Discussion Intel current and future Lakes & Rapids thread

JoeRambo · Oct 22, 2019

DrMrLordX said:
ICELAKE_D is probably:

INTEL_ICELAKE_D is for XEON-D products.

For example ICELAKE_L are existing mobile Icelake products like 1065G7 that have extended model 7E.

Desktop is INTEL_FAM6_ICELAKE, extended model 0x7D

jpiniero · Oct 22, 2019

Intel Core i7-1065G7 Ice Lake Linux Performance Benchmarks Review - Phoronix

www.phoronix.com

More Icelake benchmarks in Linux from Phoronix. Seems Firefox in Linux seems to love Icelake.

liahos1 · Oct 22, 2019

jpiniero said:
Intel Core i7-1065G7 Ice Lake Linux Performance Benchmarks Review - Phoronix

www.phoronix.com

More Icelake benchmarks in Linux from Phoronix. Seems Firefox in Linux seems to love Icelake.

looks like a damned good part!

Carfax83 · Oct 22, 2019

For the more knowledgeable folk, how does Sunny Cove compare to Apple's latest and greatest in terms of efficiency and performance?

I get the general impression from reading this forum on a regular basis that Apple's microarchitecture is far superior to Intel and AMDs current desktop lineup from a performance per watt perspective.

Does Sunny Cove change that sentiment at all, since it's on a more comparable process node?

Bouowmx · Oct 22, 2019

Carfax83 said:
For the more knowledgeable folk

Not a knowledgeable folk, I say you can compare AnandTech's SPEC2006 results.

Intel Core i7-1065G7, i7-8550U, i9-9900K, and AMD Ryzen 9 3900X: https://www.anandtech.com/show/14664/testing-intel-ice-lake-10nm/4

Apple A13 and other recent mobile flagships: https://www.anandtech.com/show/14892/the-apple-iphone-11-pro-and-max-review/4

Carfax83 · Oct 22, 2019

Bouowmx said:
Not a knowledgeable folk, I say you can compare AnandTech's SPEC2006 results.

Yeah I've seen all those, but I have next to no knowledge about the Spec benchmark. I know it's an industry benchmark, but as to how it translates to actual performance in consumer workloads, I have no idea.

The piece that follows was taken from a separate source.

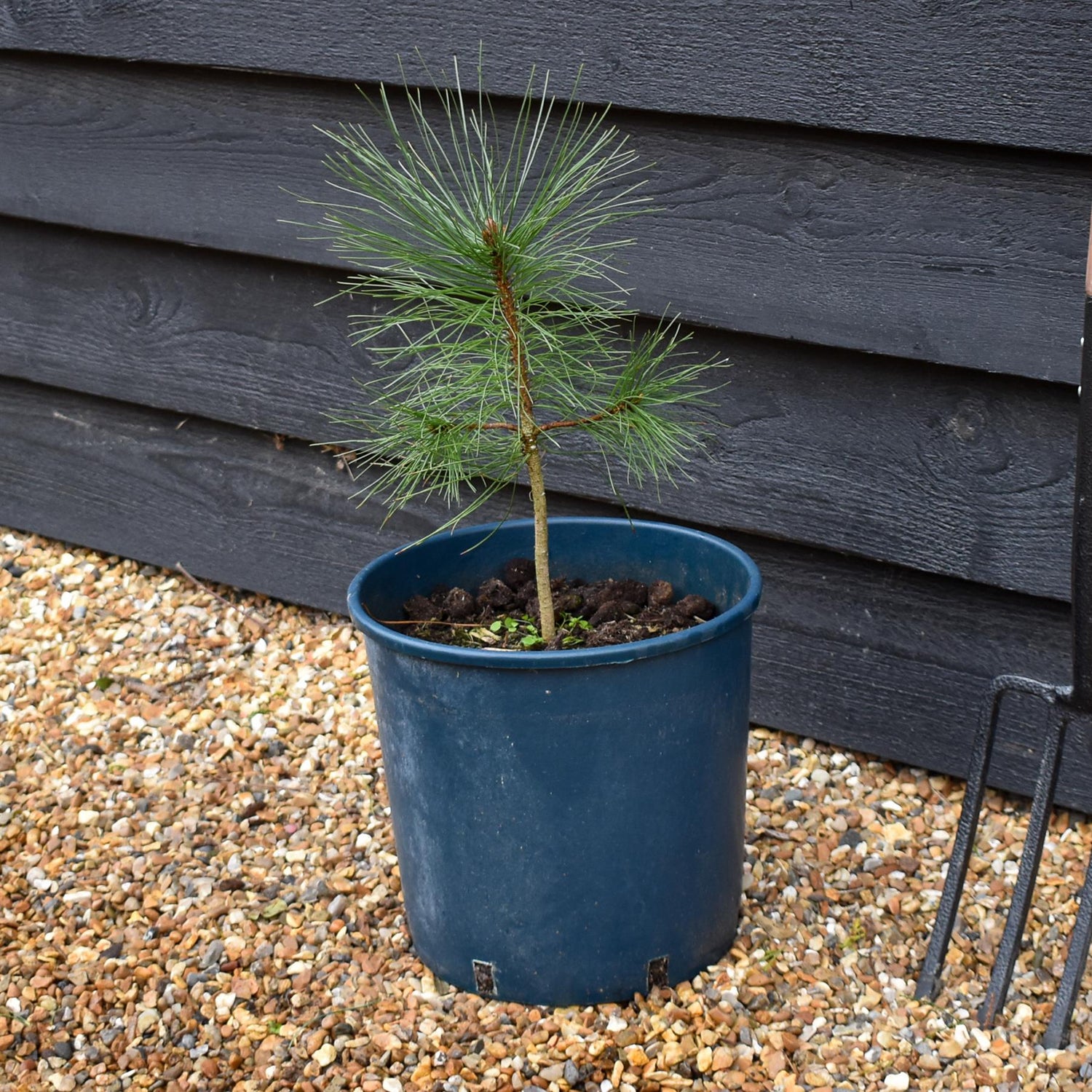 Pinus ponderosa - Western Yellow Pine - Height 90-120cm - 12lt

That's why I wanted some feedback from the forum experts. Honestly, I'm not a big fan of Apple at all so it irritates me that they are beating Intel and AMD in microarchitecture performance. I at least want to know that Intel isn't taking it laying down

Thunder 57 · Oct 22, 2019

Carfax83 said:
Yeah I've seen all those, but I have next to no knowledge about the Spec benchmark. I know it's an industry benchmark, but as to how it translates to actual performance in consumer workloads, I have no idea.

That's why I wanted some feedback from the forum experts. Honestly, I'm not a big fan of Apple at all so it irritates me that they are beating Intel and AMD in microarchitecture performance. I at least want to know that Intel isn't taking it laying down

They are very good in single core / low core counts. Whether they can scale it up, I very much question that. They would need a power hungry interconnect like Intel's mesh or AMD's Infinity fabric. Just look at the following:

Worst case, AMD's cores are using 2.78 Watts each (89 / 32). The rest is all IF. See other examples here. I doubt Apple, with little experience in an interconnect like this, could do any better. If they did, it would seem they would want a piece of the lucrative server market.

That's what I get for rushing into math. At lower core counts it looks like the use up to 8 Watts each. Surely because they are boosting higher.

beginner99 · Oct 23, 2019

liahos1 said:
looks like a damned good part!

is it really? best test has 32% better performance/watt on a new node and new uArch isn't actually Earth shattering,

tamz_msc · Oct 23, 2019

Carfax83 said:
Yeah I've seen all those, but I have next to no knowledge about the Spec benchmark. I know it's an industry benchmark, but as to how it translates to actual performance in consumer workloads, I have no idea.

?
All the workloads in SPEC are based on real-world applications, some of which include consumer workloads - like gcc, h264, povray etc.

Carfax83 · Oct 23, 2019

Thunder 57 said:
They are very good in single core / low core counts.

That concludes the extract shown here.